All irrelevant for the sake of this particular discussion around the possible future of Nikon’s mirrorless rollout. One top end body and next tier down in price and all features other than pixel count the territory currently occupied by the Z7 and what I would call a prosumer body, the most attractive to members of this forum.
I'm not sure what you are saying here about the Z7, whether you are referring to the Z6, or to an alternative to the Z6 as being "next tier down in price", or whether you meant that the Z6 is irrelevant and that a different form of cheaper Z7 should be introduced, in which case it would be what?
I think there are too many different models on the market, meant mostly, I'd guess, to catch buyers in all wallet segments. Again, I see a parallel with the American car industry of old, where Ford, Chrysler and GM each offered wide ranges of similar car sub-brands - many on the same common company chassis, that reflected buyer ability to spend, but at the price of keeping alive too many product lines that cost a lot of money. Eventually, many of those sub-brands were discontinued because they split the market and kept alive heavy manufacturing costs that cutting the number of sub-brands eased and simplified on all levels. I think cameras are no different if you are the company making them: you have to rationalize.
To be blunt about it, photographers buying on price have to come to a decision: either they want quality or they do not. And on their part, the camera builders have to understand that their market has changed because of the invention of the smart 'phone. Speaking as somebody who earned his living with cameras, were I not still burning up with love for the medium (depite struggling with an equally powerful frustration with it), I think that suddenly stripped of the knowledge of what different focal lengths can offer my work, a smart 'phone would probably be all I'd have today.

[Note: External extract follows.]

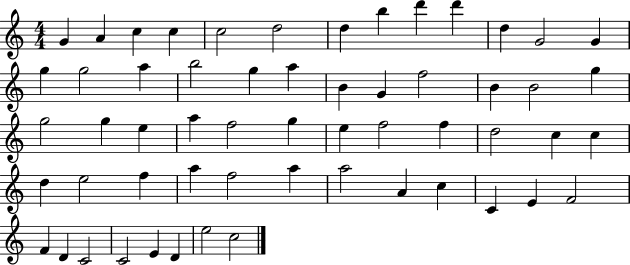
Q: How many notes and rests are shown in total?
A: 57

It makes photography easy, casual, and devoid of the need to think about it before leaving home, and deciding whether carting along a heavy, vulnerable and crime-attracting piece of cumbersome gear that may not even be used in anger on that specific day makes sense. Of course, that leaves showing off as a non-starter.
One essential thing I would do: remove the video function from stills cameras: let them be what they always were: stills cameras. If I had an interest in motion photography, I'd get a video camera. I neither want to buy such a feature in my stills bodies nor do I want to pay for it to live there unused. It's an unwanted complication, a further point of possible failure and a silly distraction; dump it.

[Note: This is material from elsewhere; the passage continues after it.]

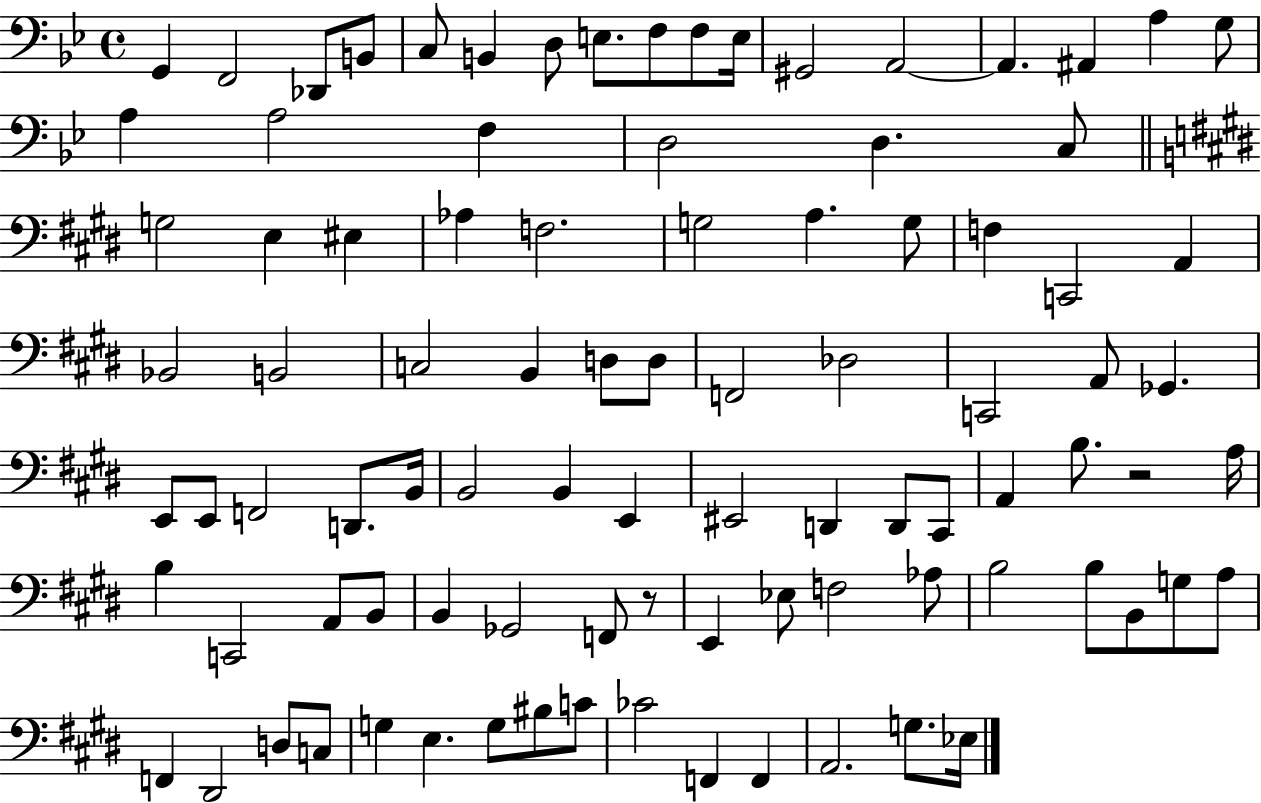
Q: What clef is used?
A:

The advances in sensor ability have brought digital and film cameras very close in one respect: both are sitting on a plateau, where if the status quo fails to please, the only different ways to go are off the edge or, perhaps, to develop another artificially constructed hill up which to force the troops to climb. Perhaps falling sales reveal that the troops have mutinied: they have had enough, thanks very much, the plateau is very comfortable, just as it is.
To conclude, I think each camera company needs to do several things: limit the number of competing models it manufactures and accept that the lowest rung has vanished; spend more on final inspection (
have a final inspection department?) to ensure that no customer ever has to go through the frustration, anger and disappointment of having to return a faulty product. I never, once, bought a film Nikon or Hasselblad that had to be returned because it was not working properly on delivery, and I bought several of each. (I exclude the F4s which never self-loaded properly first time, but that was the beginning of silly, pointless features.) Reading today of people who are on their third or fourth new, faulty body seems incredible. Make fewer models, but make them well.